■ Task to carry out
Where the data below begins, start retyping exactly, and end on the line with "Welo Opal charm necklace in gold", which is included; no picture goes in.

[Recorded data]
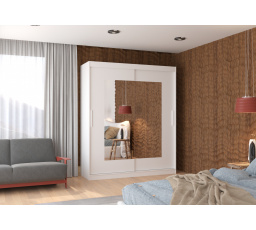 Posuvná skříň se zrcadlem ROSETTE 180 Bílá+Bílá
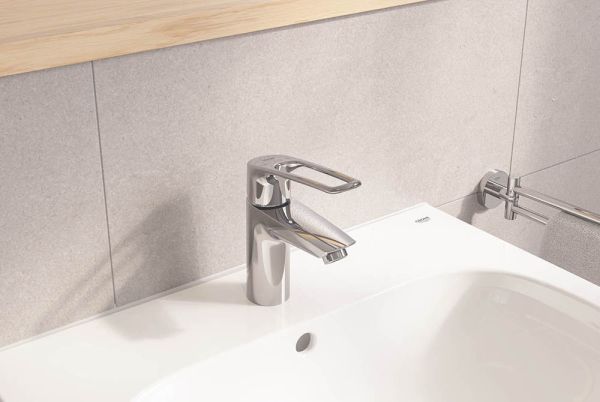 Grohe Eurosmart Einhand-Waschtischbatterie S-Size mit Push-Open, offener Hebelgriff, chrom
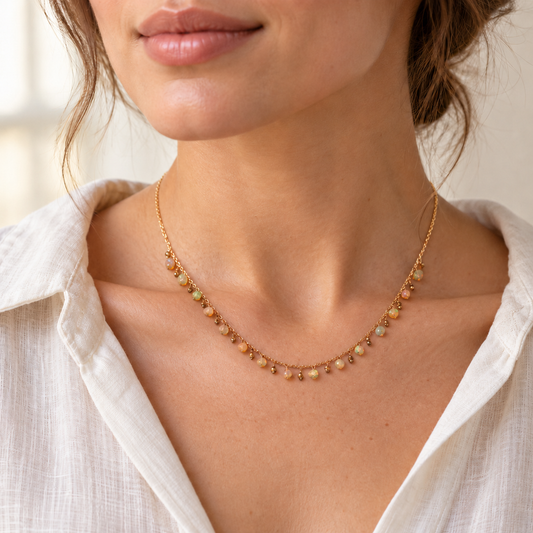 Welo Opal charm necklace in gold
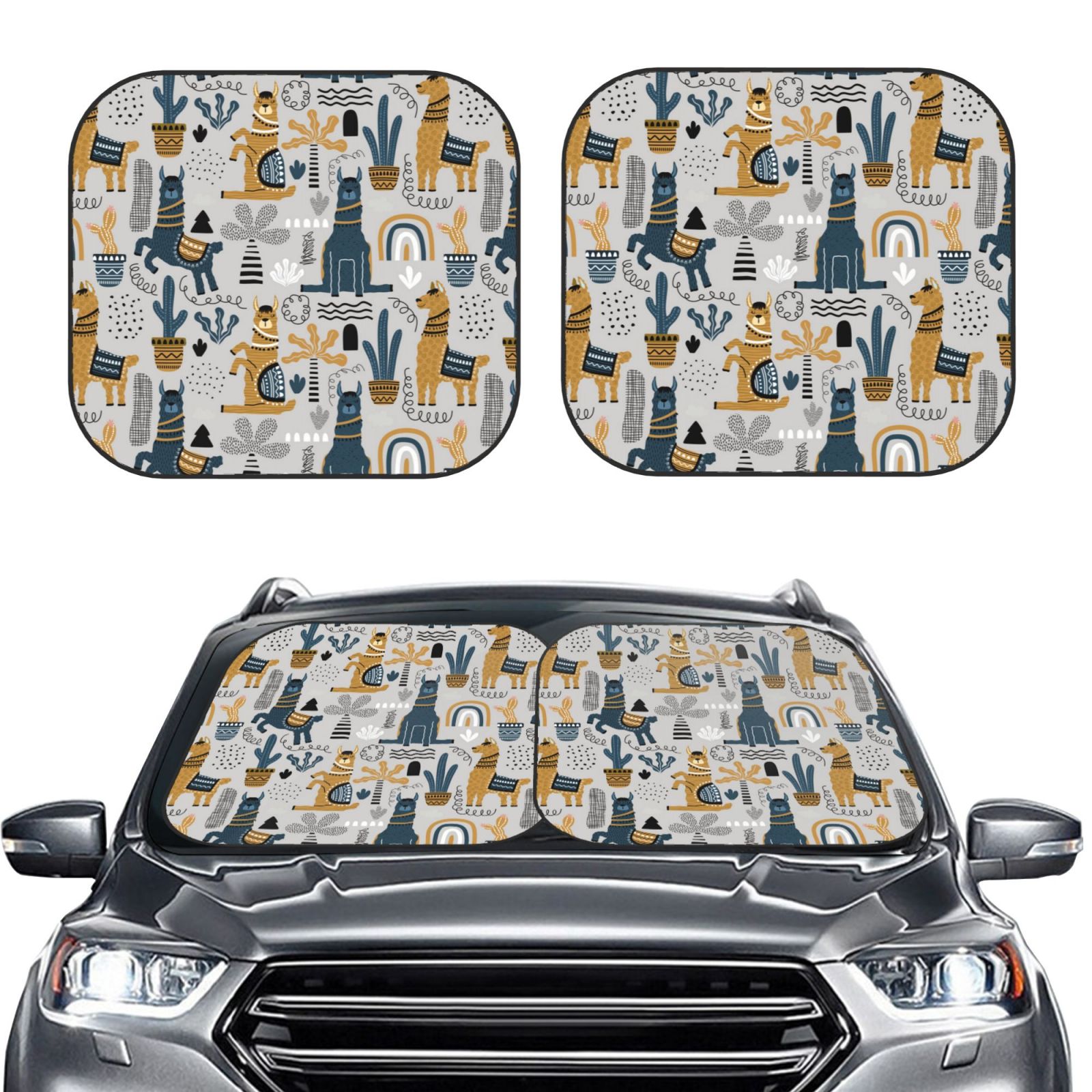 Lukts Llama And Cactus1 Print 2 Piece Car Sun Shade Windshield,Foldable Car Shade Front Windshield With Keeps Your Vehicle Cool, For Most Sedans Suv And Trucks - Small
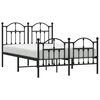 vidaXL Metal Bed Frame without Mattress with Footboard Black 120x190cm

■ Exercise solution
 Posuvná skříň se zrcadlem ROSETTE 180 Bílá+Bílá
 Grohe Eurosmart Einhand-Waschtischbatterie S-Size mit Push-Open, offener Hebelgriff, chrom
 Welo Opal charm necklace in gold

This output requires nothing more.